A LINGUAGEM ORAL E A LINGUAGEM ESCRITA
Alguns aparentes especialistas em português mostram-se indignados sempre que se deparam com alguma “heresia” da fala. Para eles, a linguagem falada, por estranho paradoxo, deve ser a representação da linguagem escrita, que a antecedeu historicamente. Muitos não admitem, tachando de “galicismo”, a tendência de topicalização na fala em nossos dias, ou seja, o costume bastante arraigado de colocar o objeto direto da oração no começo da frase, como para ressaltá-lo, ocasionando, com isso, a chamada figura de anacoluto (ex.: os sapatos, coloquei debaixo da cama. A Fulana, eu sempre vejo na escola.). Entende-se que o falante coloca em evidência o assunto que está enfocando, evitando que este seja afetado pelos “ruídos” que interferem num diálogo.

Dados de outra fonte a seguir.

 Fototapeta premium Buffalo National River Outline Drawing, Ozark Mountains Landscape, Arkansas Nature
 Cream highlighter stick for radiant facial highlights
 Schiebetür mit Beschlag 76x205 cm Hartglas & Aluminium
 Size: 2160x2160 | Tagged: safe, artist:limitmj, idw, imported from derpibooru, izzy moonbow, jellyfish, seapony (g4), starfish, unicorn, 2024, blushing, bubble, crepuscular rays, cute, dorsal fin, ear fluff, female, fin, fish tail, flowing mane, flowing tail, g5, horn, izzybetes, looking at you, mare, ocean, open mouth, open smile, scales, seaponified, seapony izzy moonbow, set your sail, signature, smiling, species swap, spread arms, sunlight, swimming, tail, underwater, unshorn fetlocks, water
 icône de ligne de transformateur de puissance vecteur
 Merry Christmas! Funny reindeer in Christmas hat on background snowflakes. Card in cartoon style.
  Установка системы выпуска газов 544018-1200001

Na realidade, nem a escrita é a transposição da fala, nem essa é a transposição da escrita, como pretendem alguns beletristas. Trata-se de duas linguagens diferentes, como suas características próprias, a começar pelo material com que trabalham, sua substância. Enquanto a fala se utiliza de sons vocais, a escrita opera com sinais gráficos. A fala é um meio imediato de comunicação, influenciada pelas emoções do falante; a escrita é mais distante e racional, cedendo espaço ao raciocínio e ao planejamento. A fala conta com um inteiro arsenal de substitutos para auxiliar na construção do discurso: gestos, expressões, silêncios, bem como se beneficia do espaço e do contexto em que estão inseridas as pessoas.

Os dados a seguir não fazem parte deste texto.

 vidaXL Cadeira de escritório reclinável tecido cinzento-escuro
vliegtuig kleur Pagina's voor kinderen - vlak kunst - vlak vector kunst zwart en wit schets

A escrita, ao contrário, necessita valer-se de seus próprios recursos para suprir todos esses aspectos. E nesse fato reside uma das maiores dificuldades dos redatores inexperientes, que não conseguem transportar para o texto as situações que estão presentes no discurso oral.

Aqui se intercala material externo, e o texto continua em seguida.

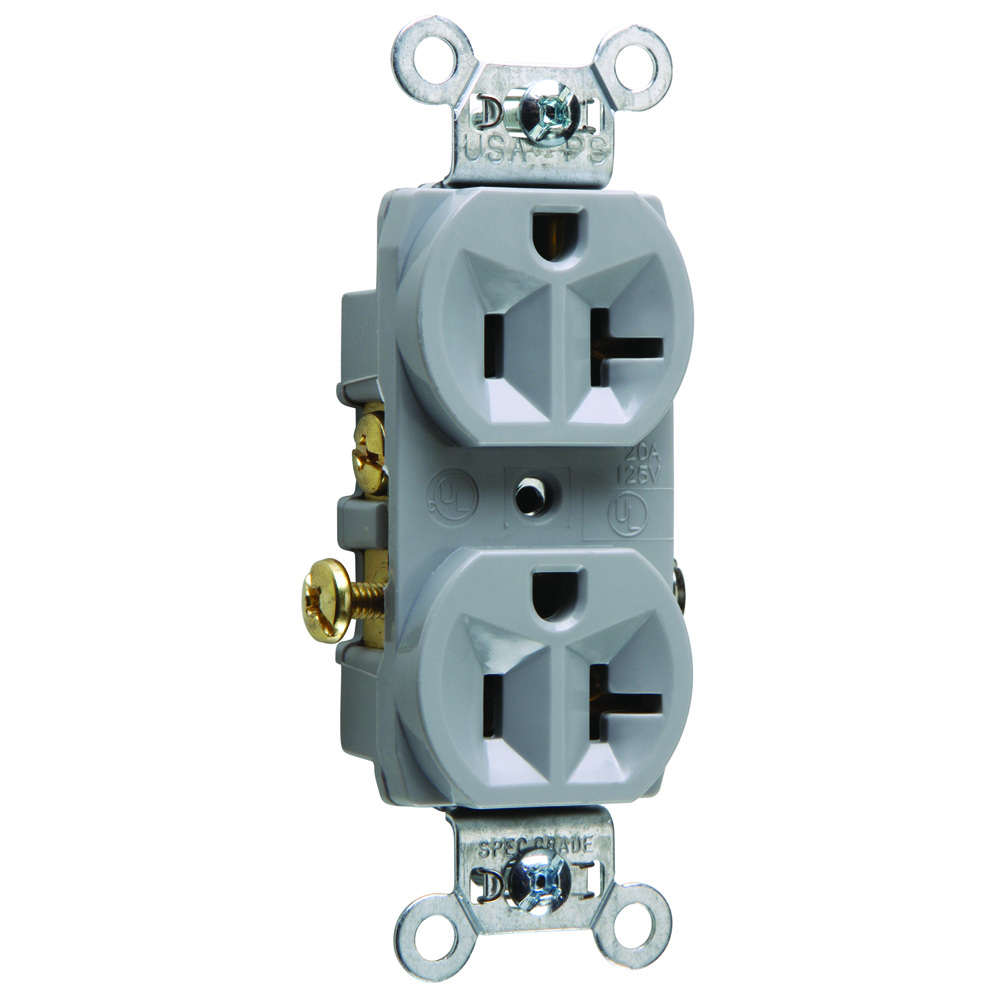 Commercial Spec Grade Duplex Receptacle, Side Wire, 20amp 125volt, Gray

Por esses aspectos, e pelo fato de não ser diluída logo após sua emissão, como acontece com a fala – que permanece por pouco tempo na memória do receptor – é natural que a escrita se torne mais policiada, mais controlada socialmente, e mesmo que a evolução de suas formas seja processada de modo muito lento, para garantir a interação entre o emissor e o receptor no espaço histórico. Daí que, enquanto uma se transforma dinamicamente, a outra permanece com formas “clássicas”, não podendo, portanto, tornarem-se as duas modelo uma da outra.